*Problem to solve*
Return an exact copy of the lines from the one holding "Sườn non và" to the end of the data, including both the starting and final lines. Leave the pictures out.

::: Data section :::

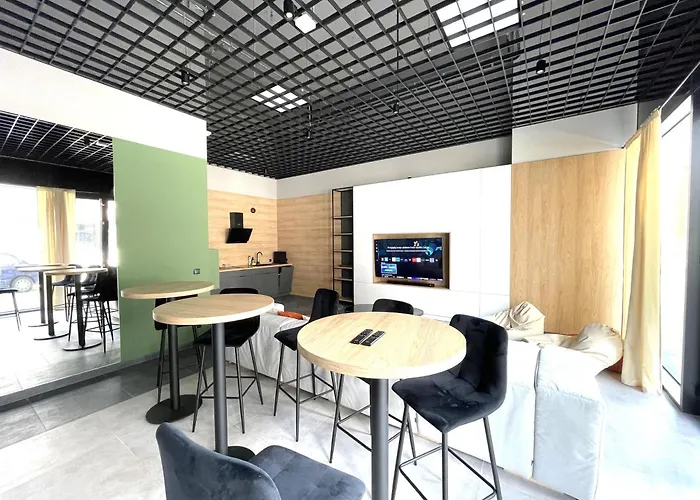 By The River - Center Apartman *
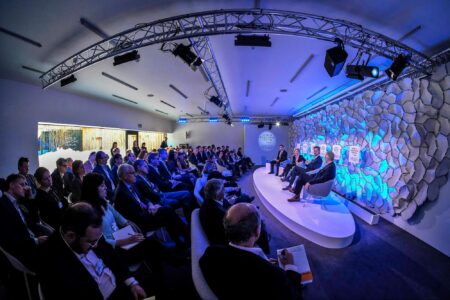 big tech, Silicon Valley, image, media bubble, image, CEO stars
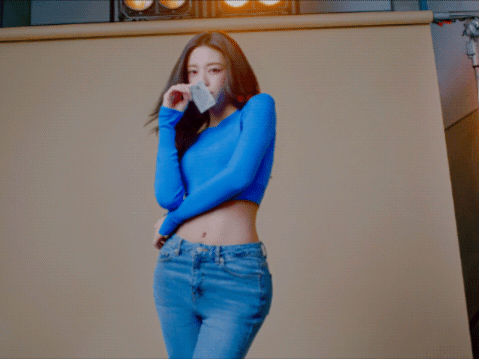 A moment captured by Yuna (ITZY)'s fan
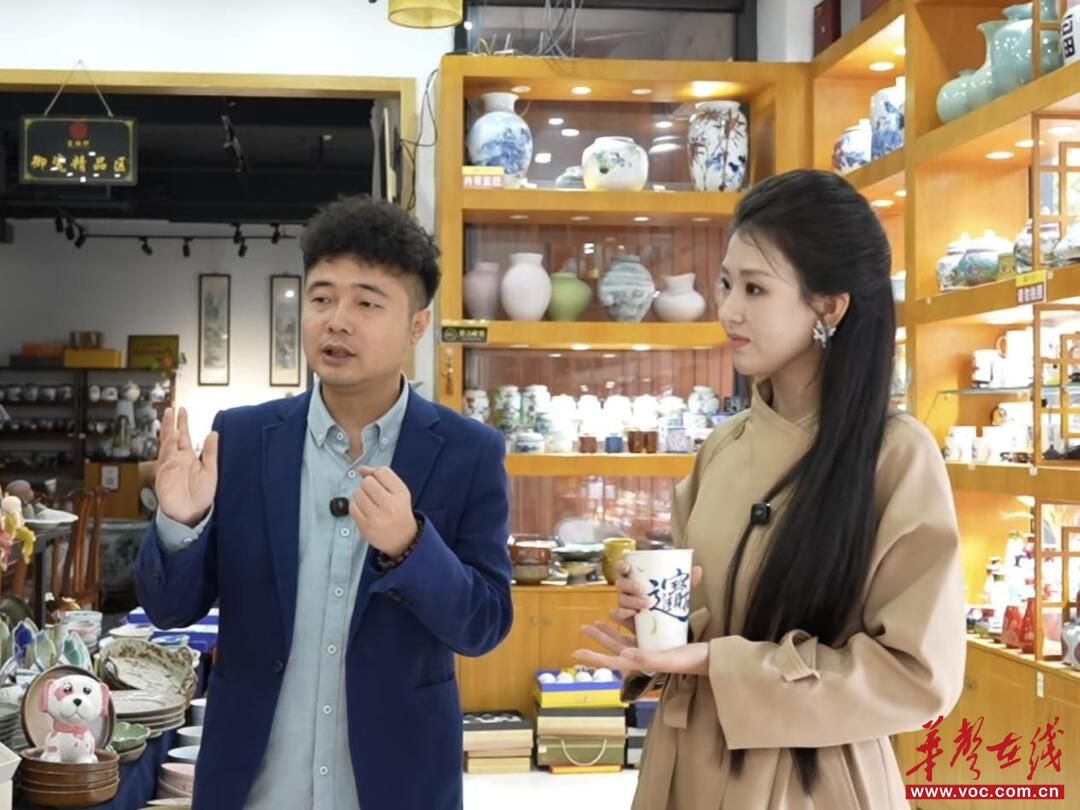 街区，有请②｜“00后”新闻主播李昭霖：真实，是新闻与街区活化的共同底色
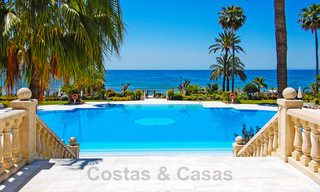 ¡Nuevo en el mercado! Exclusivo apartamento en venta con vistas al mar en un complejo en primera línea de playa en la Nueva Milla de Oro, Marbella - Estepona 35571 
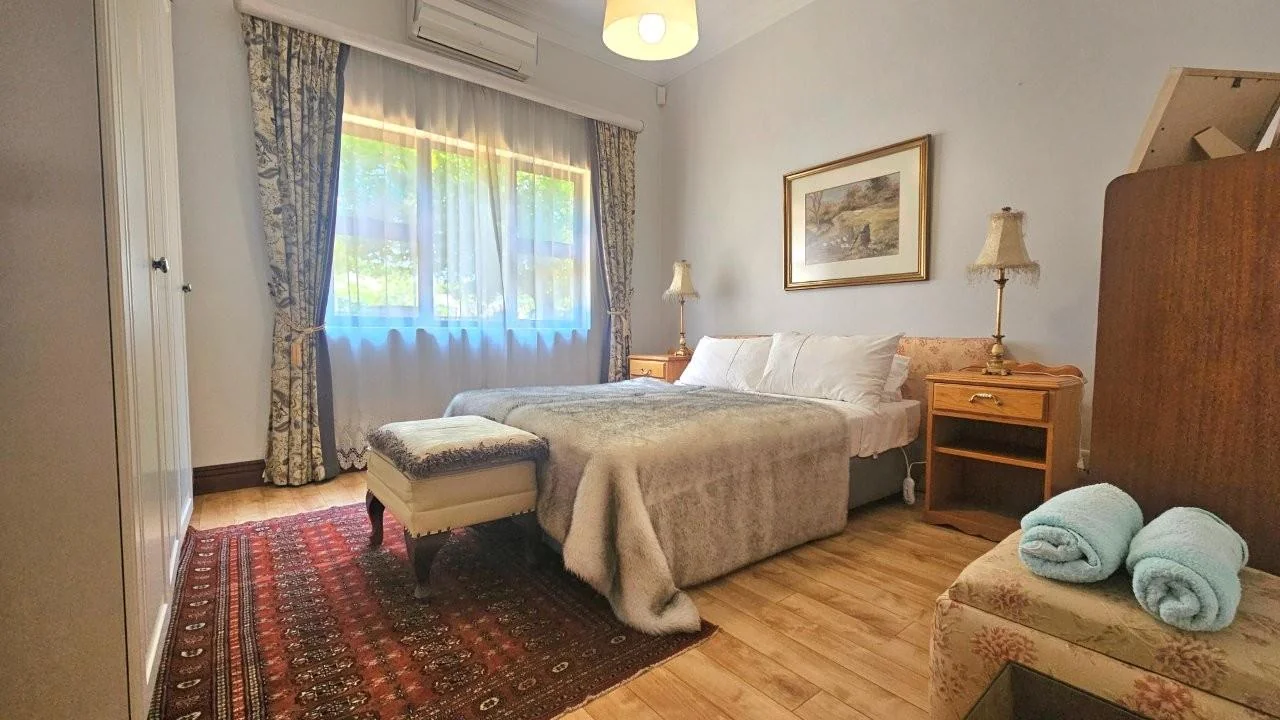 GENEROUS, PRACTICAL, BEAUTIFUL AND NEAT .<br/>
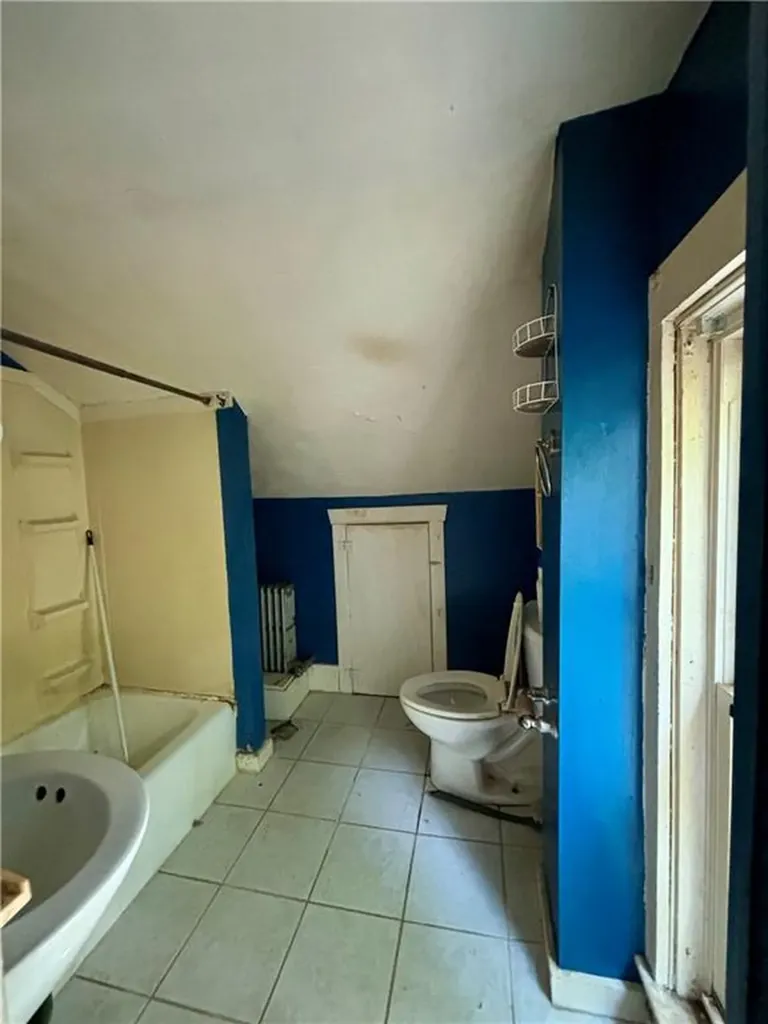 18 Kernick Street Warwick RI 02886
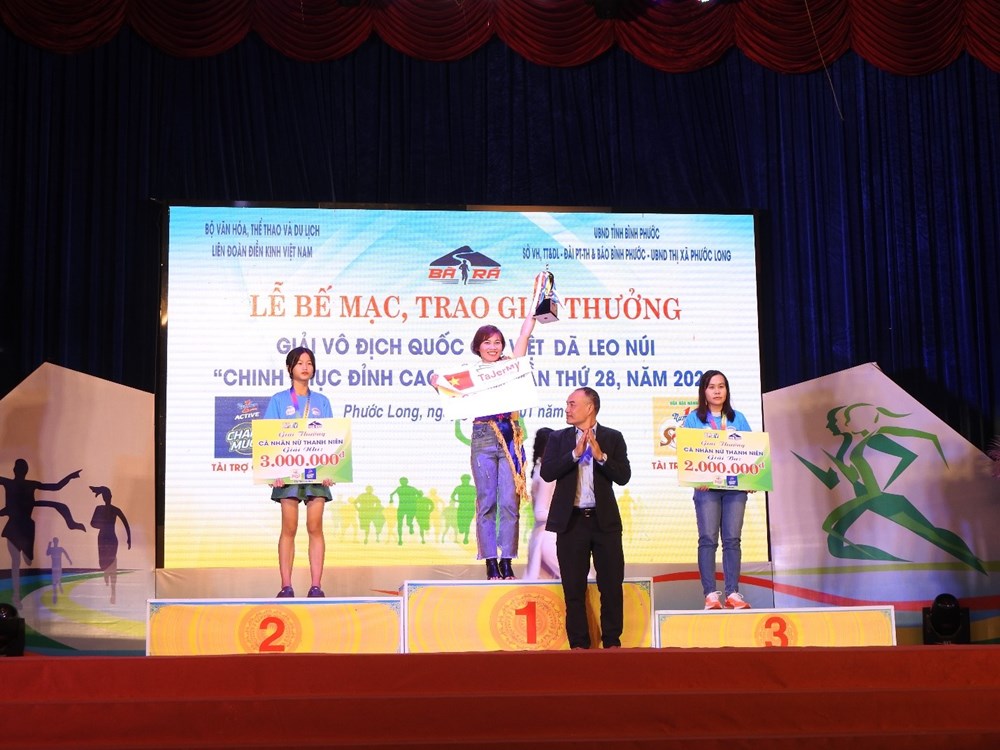 Hấp dẫn không khí thi đấu tại giải Vô địch quốc gia Việt dã leo núi “Chinh phục đỉnh cao Bà Rá” lần thứ 28  - ảnh 7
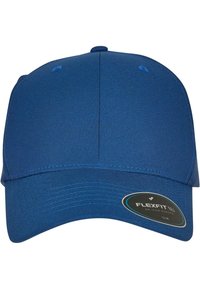 Kék baseball sapka texturált anyagból, ívelt napellenzővel. Oldalán Flexfit címkével, ami a testreszabott kialakítást jelzi.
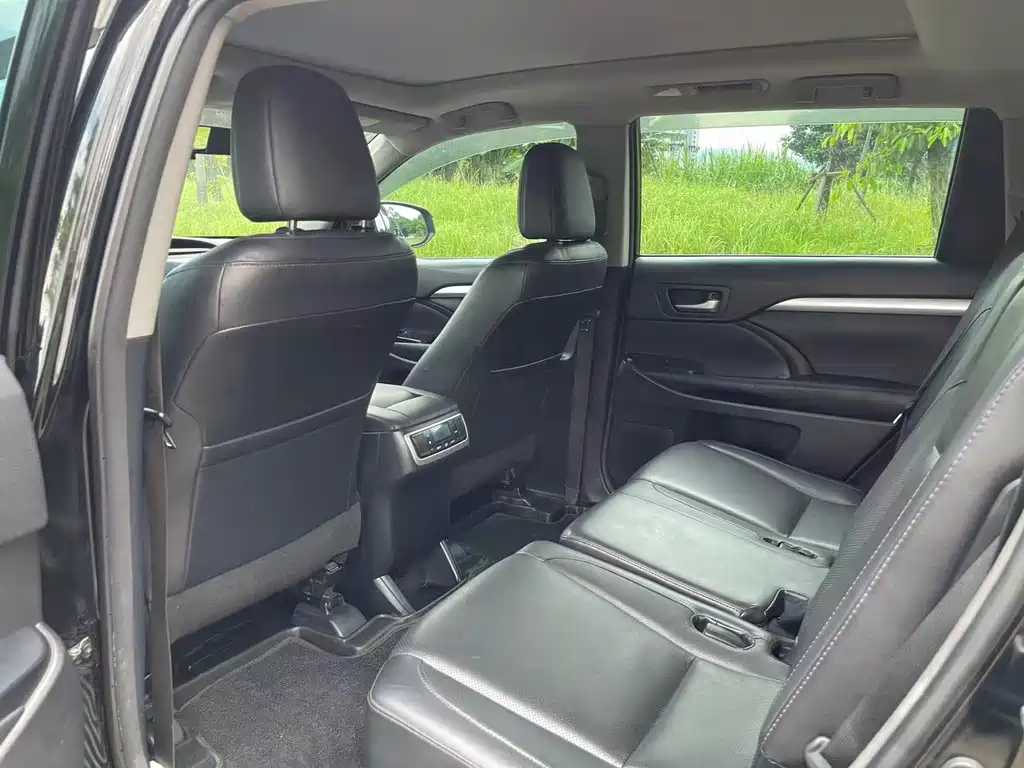 Toyota Highlander — миниатюра 24
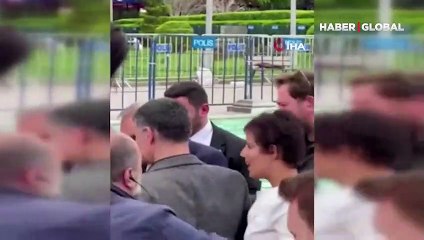 Protokol girişini kullanmayınca... Milletvekili adayının alana girişindeki telaşı ortaya ilginç görüntüler çıkardı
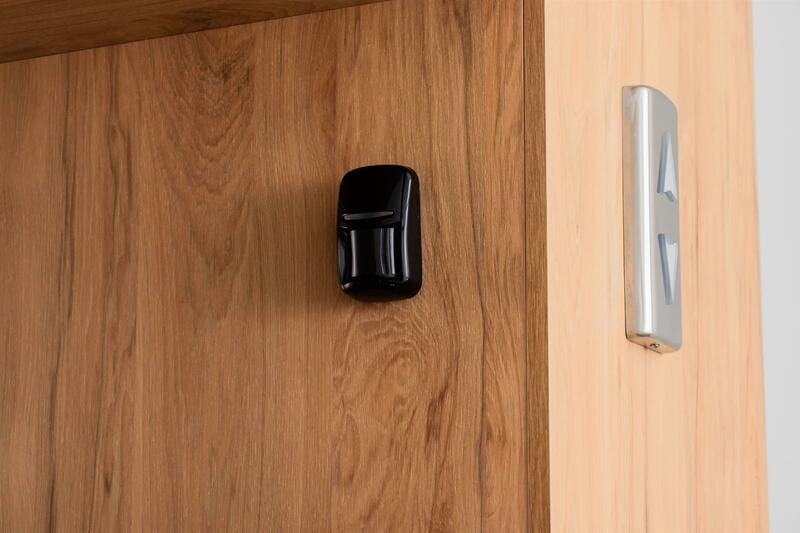 Беспроводной датчик движения штора U-Prox PIR VB Black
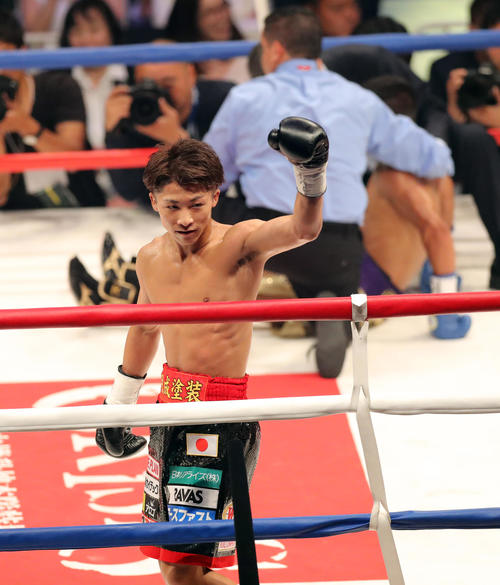 3回、強烈なパンチでロドリゲス（後方）にTKO勝利しガッツポーズする井上（2017年5月21日撮影）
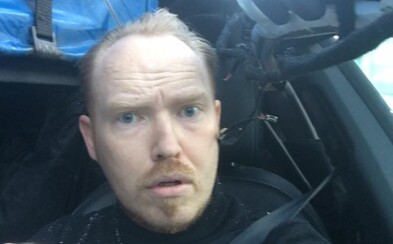 Dánský iluzionista si krátce po hrůzostrašné nehodě udělal kuriózní selfie, kterým apeluje na vládu Dánský iluzionista si krátce po hrůzostrašné nehodě udělal kuriózní selfie, kterým apeluje na vládu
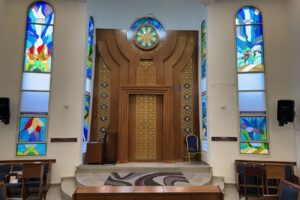 חלונות ויטראז' בבית כנסת באשדוד3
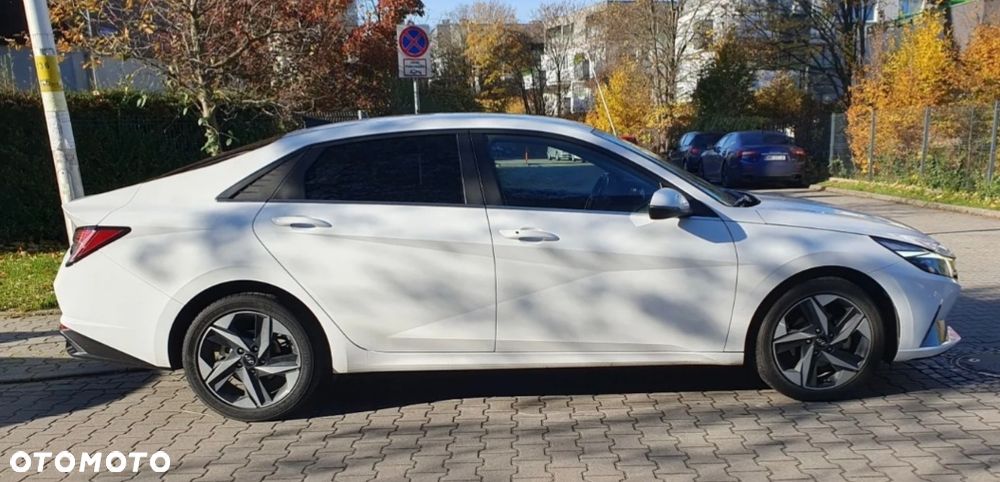 Hyundai Elantra 1.6 Executive CVT - 6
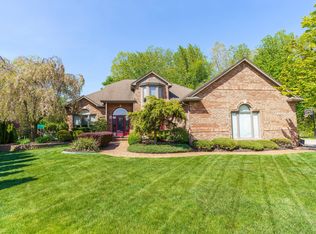 47960 Remington Ct, Chesterfield, MI 48047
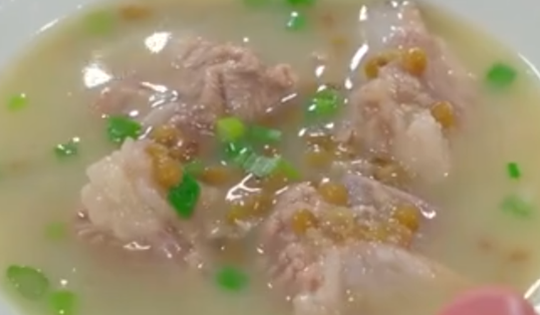 Sườn non và đậu xanh mang nấu kiểu này được món canh đậm đà lại bổ dưỡng trong mùa đông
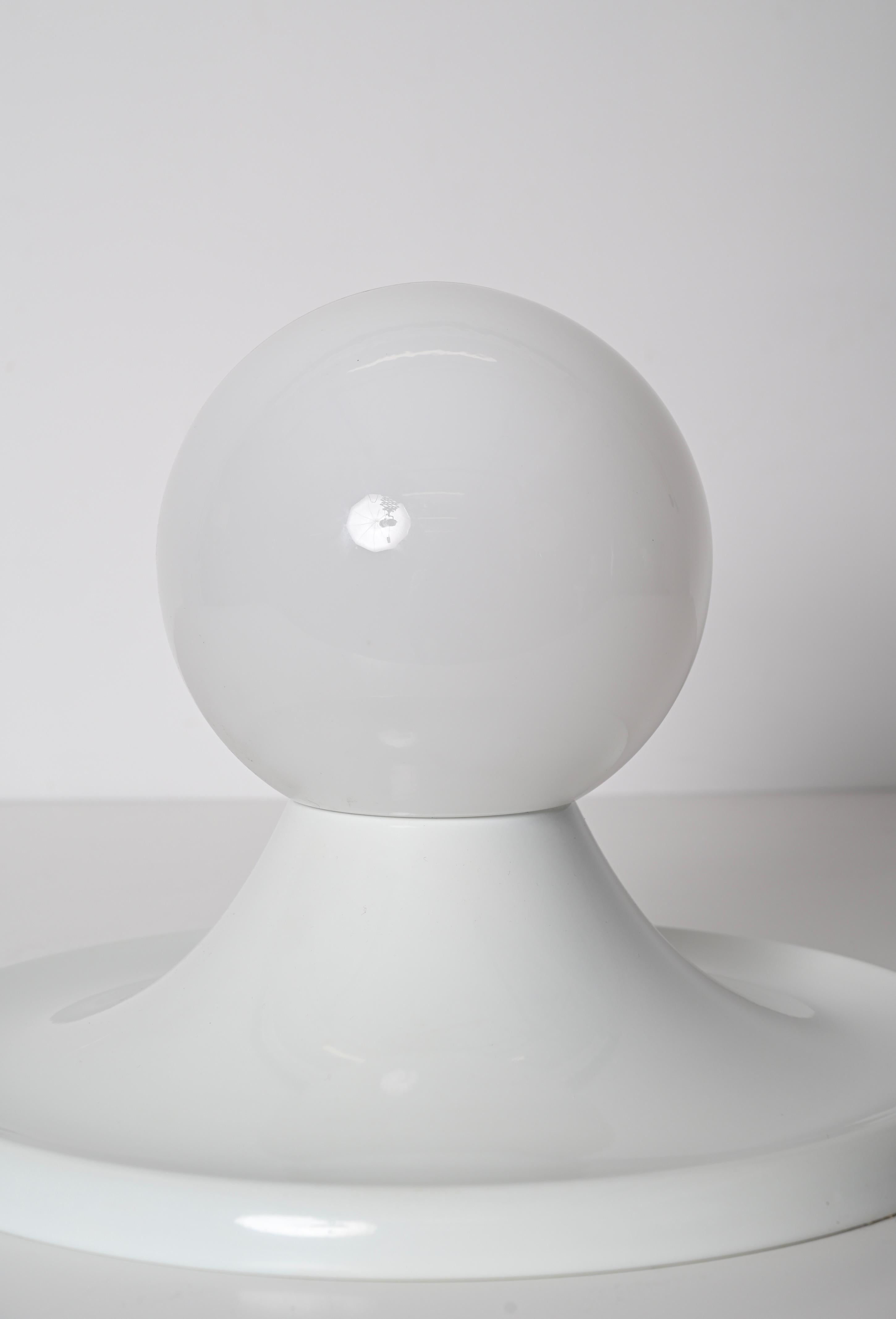 Milieu du XXe siècle Applique italienne en métal Castiglioni « Light Ball » pour Arteluce and Flos, années 1960 en vente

:::

*Task output*
 Sườn non và đậu xanh mang nấu kiểu này được món canh đậm đà lại bổ dưỡng trong mùa đông
 Milieu du XXe siècle Applique italienne en métal Castiglioni « Light Ball » pour Arteluce and Flos, années 1960 en vente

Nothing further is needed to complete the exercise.